Soddisfazione per l’aumento della dotazione finanziaria da parte del Dipartimento Politiche Agricole per il bando apistico, campagna 2023, è stata espressa da Nicola Di Nuzzo, presidente dell’Associazione Apicoltori Lucani-Cia, che conta 150 associati con un totale di 13.000 alveari pari a circa il 70% del totale lucano. L’impegno e il lavoro che le istituzioni stanno facendo è ammirevole. Come sempre – aggiunge – c’è un continuo dialogo con la Regione che porta appunto a creare un bando attuale, che rispecchi a pieno le esigenze degli apicoltori, e così facendo tutti i fondi vengono ben spesi e il comparto ne giova.

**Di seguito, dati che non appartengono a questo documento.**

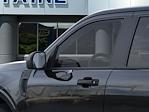 New 2025 Ford Maverick XL SuperCrew Cab AWD Pickup for sale #25F527 - photo 21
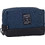 Emerson BE0016 Midnight Νεσεσέρ 21x12x14cm Μπλε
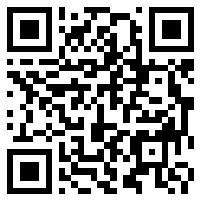 QR Code for 16Dk7ahn5HiegQUd1pv4qyTHYju1L8aAFQ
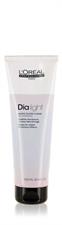 L'OREAL DIA LIGHT CLEAR ACID GLOSS CLEAR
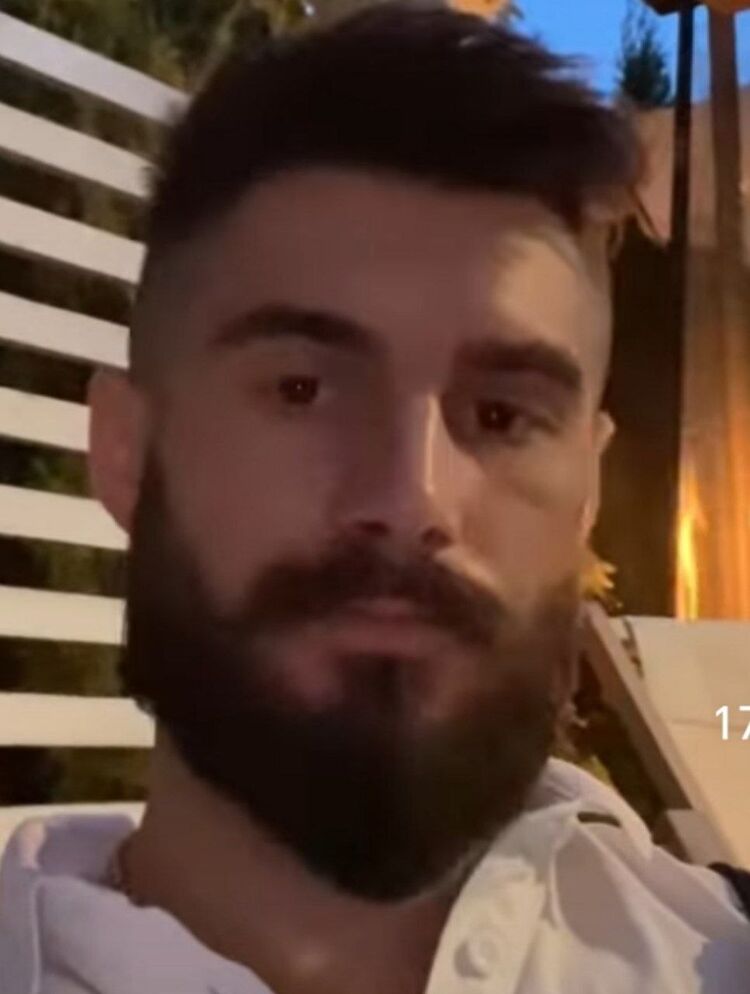 ���� 46098230 ������� ������, 27 ���, ���� ���������� � ������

Soprattutto in questo periodo di grande difficoltà causato delle incessanti piogge che stanno provocando non pochi danni all’apicoltura sia a livello locale e a livello nazionale – continua Di Nuzzo – gli aiuti sugli investimenti riducono le perdite che stiamo subendo. Il prossimo step è cercare una soluzione paracadute\cuscinetto per sostenere tutti coloro che stanno subendo perdite ingenti. La macchina burocratica e le istituzioni si sono messe a lavoro, aspettiamo fiduciosi tutti gli interventi che potrebbero mettere in campo.
Di Nuzzo ricorda che la piovosità che prosegue da settimane continua a provocare danni all’apicoltura lucana (e non solo) che possono riassumersi in tre punti: mancata produzione, sciamature incontrollate, perdita delle famiglie. Le api – spiega il presidente dell’Associazione – sono impossibilitate ad uscire dal proprio alveare a causa della pioggia. Questo rintanarsi nelle arnie produce un sovraffollamento della stessa inducendo così lo sciame a creare una nuova regina e nei pochi giorni di bel tempo dimezzare lo stesso tramite il fenomeno della sciamatura, che risulta incontrollabile in quanto l’apicoltore (per prevenire tale fenomeno) è impossibilitato nei periodi di pioggia ad ispezionare le arnie”.
“Il sovraffollamento, insieme alla mancata produzione sta portando gli sciami più deboli alla fame, provocandone la morte a causa delle scarse risorse all’interno dell’arnia e all’impossibilità di ispezione e di nutrimento di soccorso da parte dell’apicoltore. Queste tre cause -continua Di Nuzzo- stanno producendo notevoli danni al comparto, infatti oltre a non produrre miele si subisce una perdita di investimento in termini di numero di arnie che di forza delle famiglie, rendendo vano tutto il lavoro svolto dall’apicoltore fino ad ora”.